Reflexiones diarias sobre argumentos de espiritualidad y vida carmelitana, con incursiones en el mundo del arte y de la cultura

lunes, 6 de febrero de 2017

El domingo en la historia


En los primeros días de la Iglesia, el sentido del domingo era la participación en la eucaristía, el encuentro con Cristo y con los otros creyentes en la asamblea litúrgica. El descanso de los trabajos se limitaba a los momentos del culto.

El año 321, el emperador Constantino lo convirtió en día obligatorio de reposo para los jueces, funcionarios y habitantes de las ciudades. Este precepto no se aplicó inmediatamente en todo el Imperio, ni encontramos referencias a él en los escritos de los Santos Padres, que lo consideraron una mera norma civil, sin valor teológico. 

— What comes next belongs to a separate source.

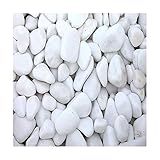 PEDRAS DE QUARTZO OVO SEIXO P JARDINAGEM N 02 950G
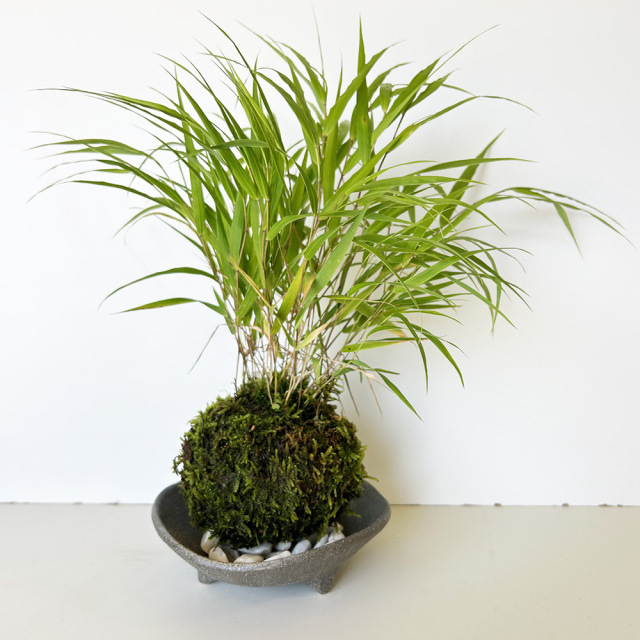 風を知らせる涼しげな草【風知草（フウチソウ）の苔玉・三つ足灰器セット】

En la Regla de san Benito (siglo VI) aún podemos leer: «El domingo todos deben aplicarse a la lectura, excepto quienes hayan sido designados a las distintas ocupaciones comunitarias. Pero si hubiera alguno tan perezoso que no quisiera leer, dadle algún trabajo que realizar para que no permanezca ocioso». 

Al generalizarse la celebración eucarística todos los días de la semana, se perdió la relación entre domingo y eucaristía. Su observancia se identificó con el descanso semanal que, con el tiempo, se generalizó en los países cristianos, llegándose a regular con una casuística más estricta que la del sábado judío porque se afirmaba que, al ser mayor su santidad, también debería ser mayor la observancia. La participación en la misa se consideró una obligación moral hacia Dios, con referencia al tercer mandamiento. 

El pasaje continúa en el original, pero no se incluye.